The President. Thank you very much, everybody. And I think it's just "good afternoon." [Laughter] Mr. Speaker, Secretary Summers, Secretary Shalala, Administrator Alvarez, and Mr. Sperling from the White House. And I want to recognize here from the House of Representatives Congressman Rangel, Congressman Talent, Congressman Watts, Representatives Watt, Kanjorski, Jefferson, Vela´zquez, LoBiondo, Chambliss, Becerra, Bono, Davis, LaFalce, Price, Reyes, Waters, Hinojosa. I think that's everybody. [Laughter]

I'd also like to acknowledge people who aren't here who have supported this effort, to Chairman Archer and Representatives Clyburn, Roybal-Allard, Hayworth, Kildee, and the members of the Congressional Black, Hispanic, and Indian Caucuses.
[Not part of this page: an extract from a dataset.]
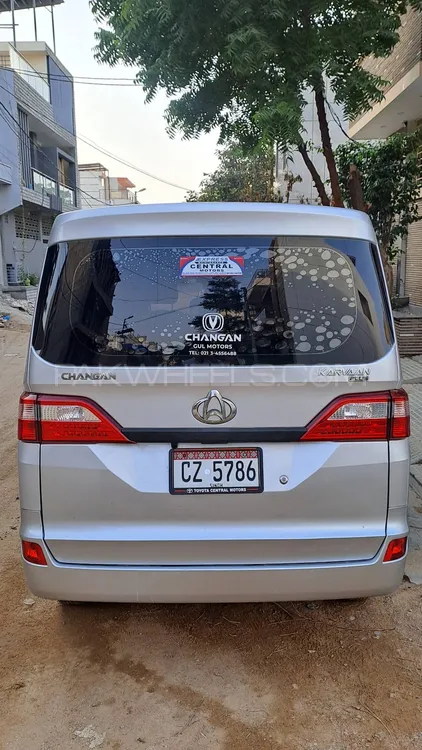 Changan Karvaan 2021 for Sale in Karachi Changan Karvaan 2021 for Sale in Karachi Image-11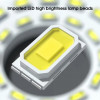 УЦЕНКА! Кемпинговая лампа с солнечной панелью и USB GD-071 Портативная солнечная лампа LED с фонарем (Повреждение корпуса 3287)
And I want to acknowledge the presence in the audience of Mayor Webb of Denver and Mayor Campbell of Atlanta.

This morning Speaker Hastert and I have the honor of announcing a truly remarkable bipartisan achievement. We have completed an agreement to making historic investments in the untapped markets of America's inner cities, rural areas, and Native American reservations.

Today, our economy is the strongest it has ever been. But there are places that have still not been touched by our prosperity. For over 7 years, our administration has worked hard to change that. Under the Vice President's leadership, we have created and administered empowerment zones and enterprise communities; we have strengthened the Community Reinvestment Act and fostered community development banks and other community financial institutions. These initiatives, I believe, have made a significant difference in many places in America. But we know that we have more to do, and we know we must do more to get private sector firms to step up to their responsibility to create jobs and opportunity.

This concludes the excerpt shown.